(Short text fragments from websites)
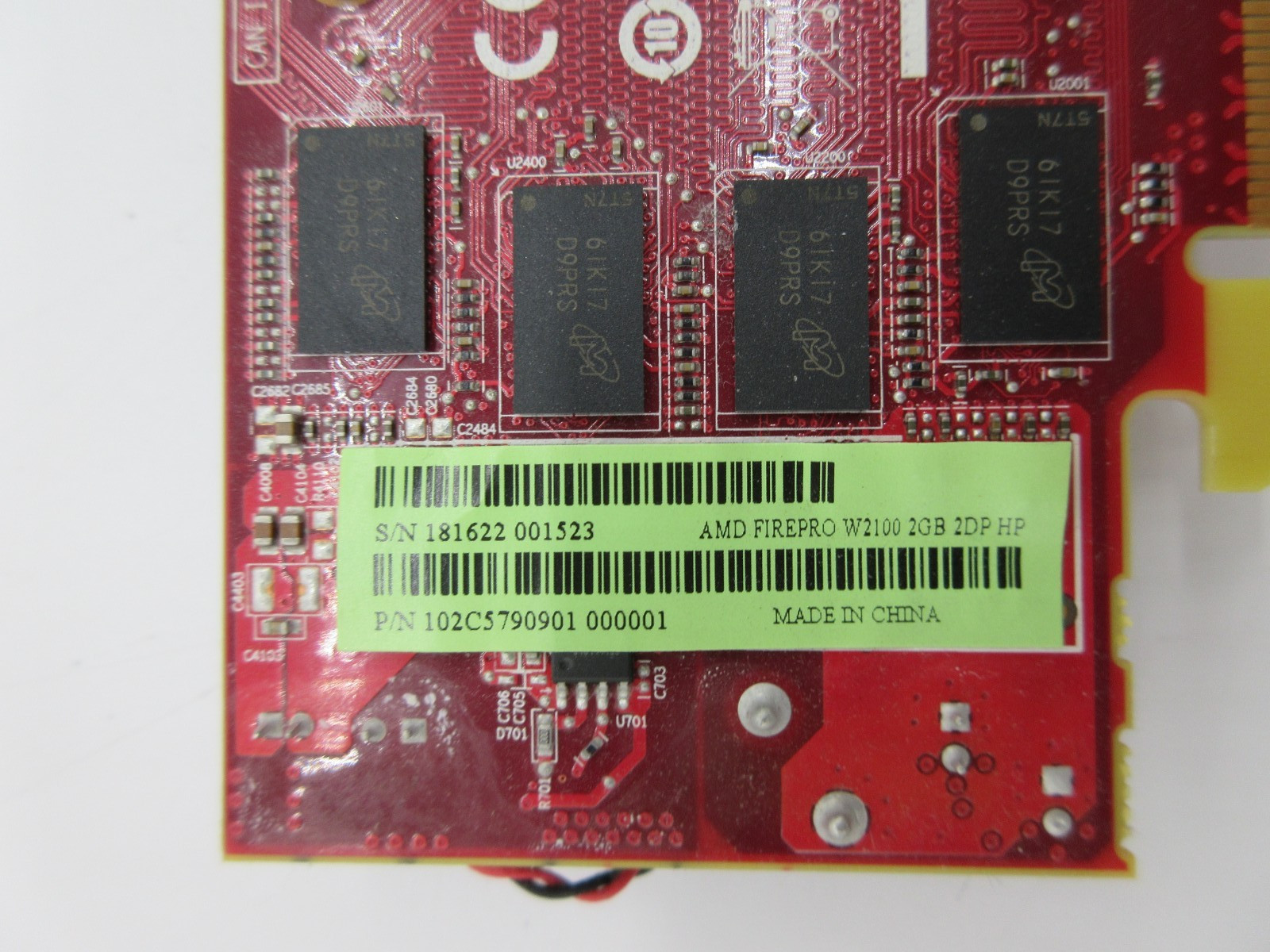 LOT OF 2 AMD FirePro W2100 2GB Graphics Video Card GPU High Profile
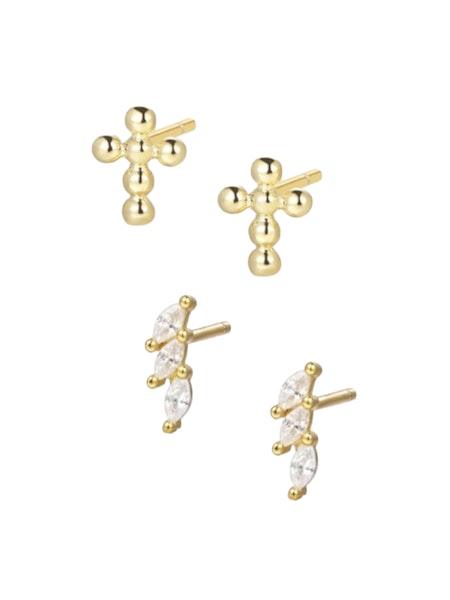 Wing & Prayer Stud Earrings Set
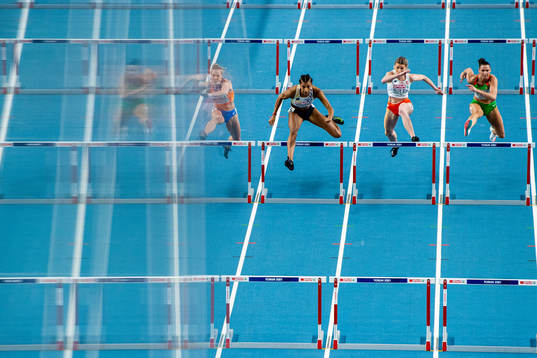 Nadine Broersen of Netherlands, Nafissatou Thiam of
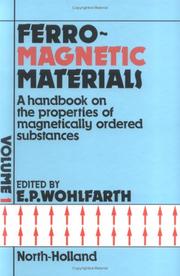 Cover of: Handbook of Magnetic Materials  by E.P. Wohlfarth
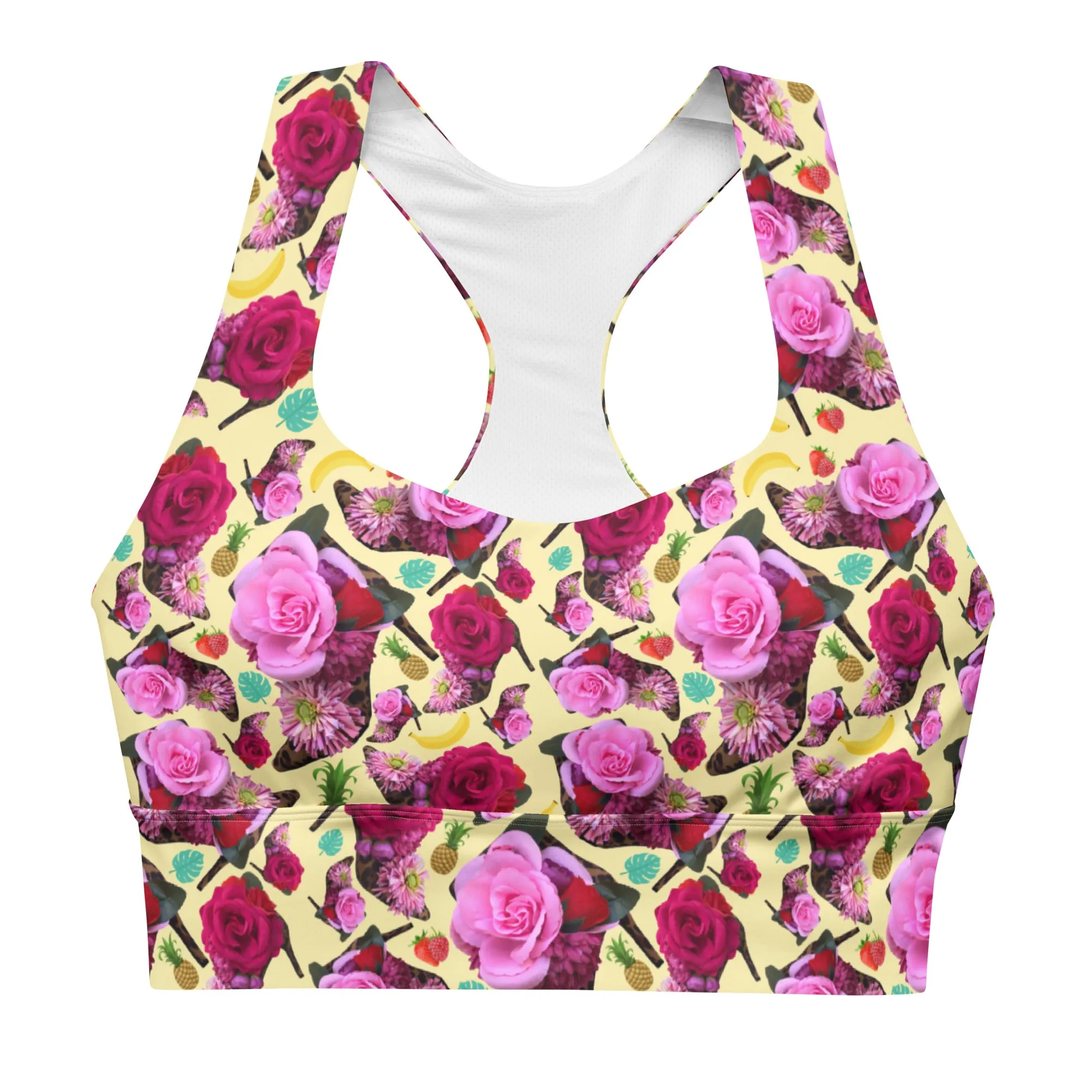 Longline sports bra 'Jungle Fashion'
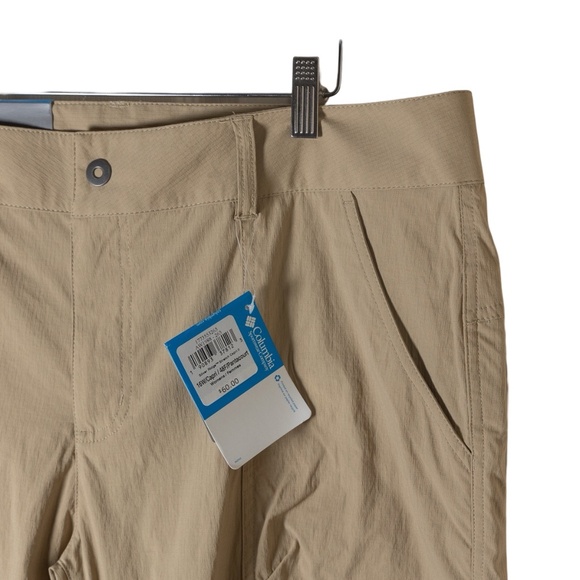 Columbia Women's Silver Ridge Stretch Utility Capris II Pants; Size 16W - Picture 4 of 16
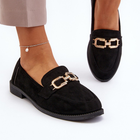 Loafersy damskie Misal 40 Czarne (5905677080698) - obraz 6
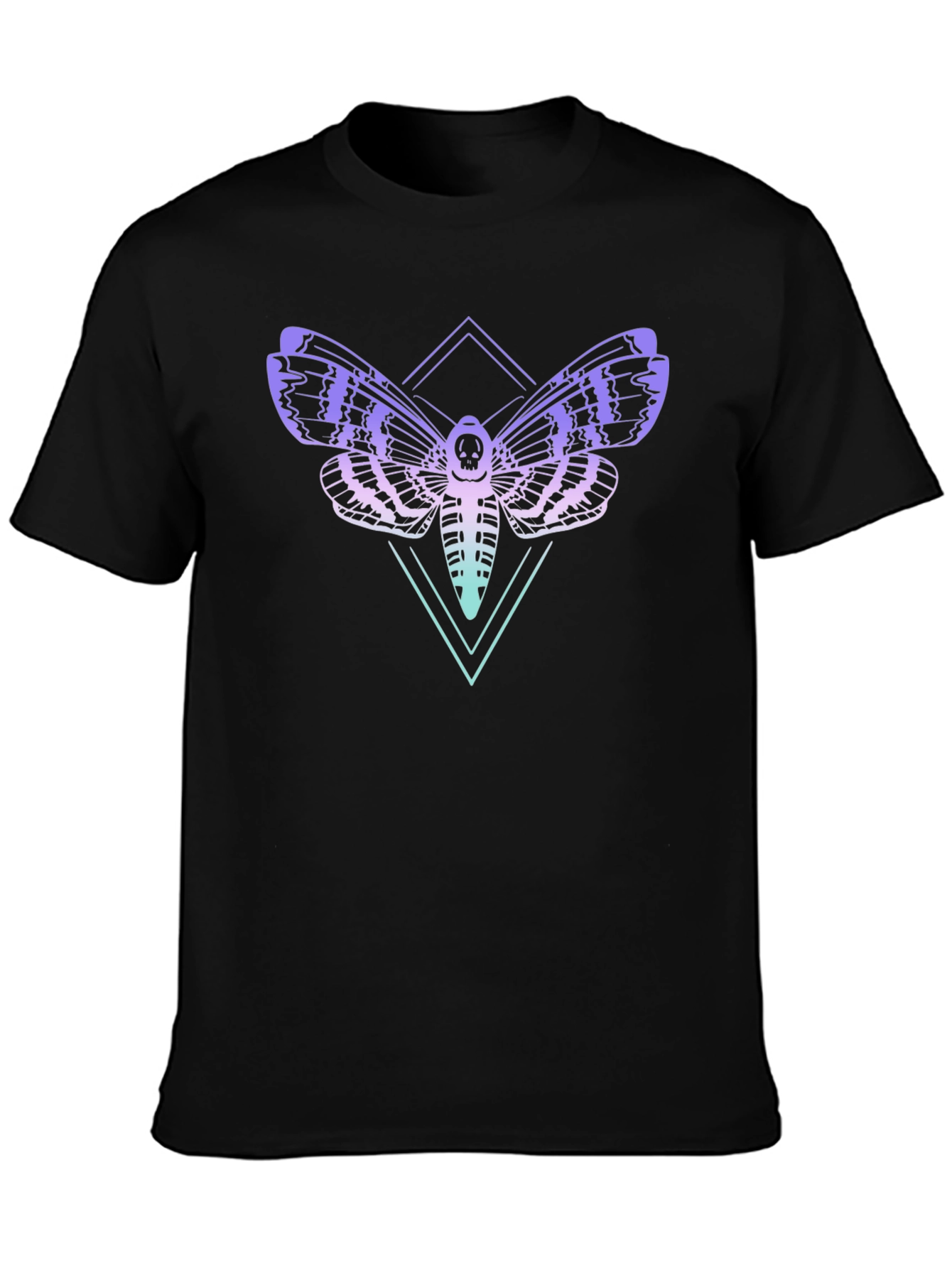 Skull Moth Graphic Tee - Black T-Shirt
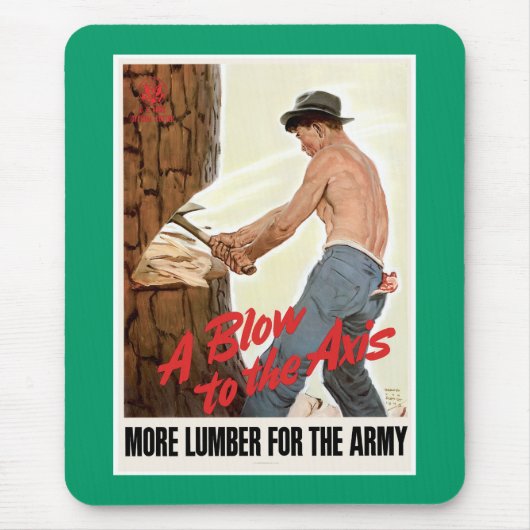 Tapis De Souris Plus de bois pour l'armée (Devant)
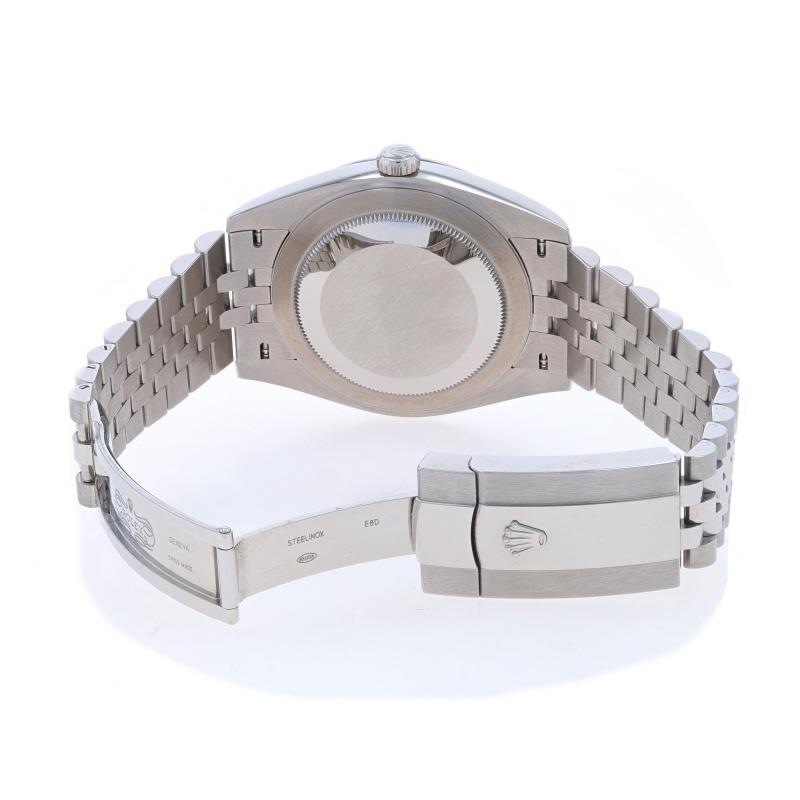 Rolex Datejust 41 Men's Watch 126300 - Stainless Steel Automatic 5Yr Mfr Wnty For Sale 3
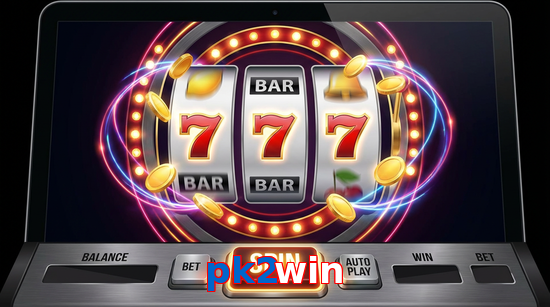 Main screen of Pk2win slots page for PK players
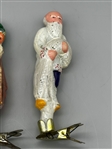 (6) Russian Glass Clip-On Ornaments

• _Work task_
Repeat the lines of the records verbatim, starting at the line containing "Skull Moth Graphic Tee - Black T-Shirt" and stopping after the final line. Images stay out.

• _Exercise solution_
 Skull Moth Graphic Tee - Black T-Shirt
 Tapis De Souris Plus de bois pour l'armée (Devant)
 Rolex Datejust 41 Men's Watch 126300 - Stainless Steel Automatic 5Yr Mfr Wnty For Sale 3
 Main screen of Pk2win slots page for PK players
 (6) Russian Glass Clip-On Ornaments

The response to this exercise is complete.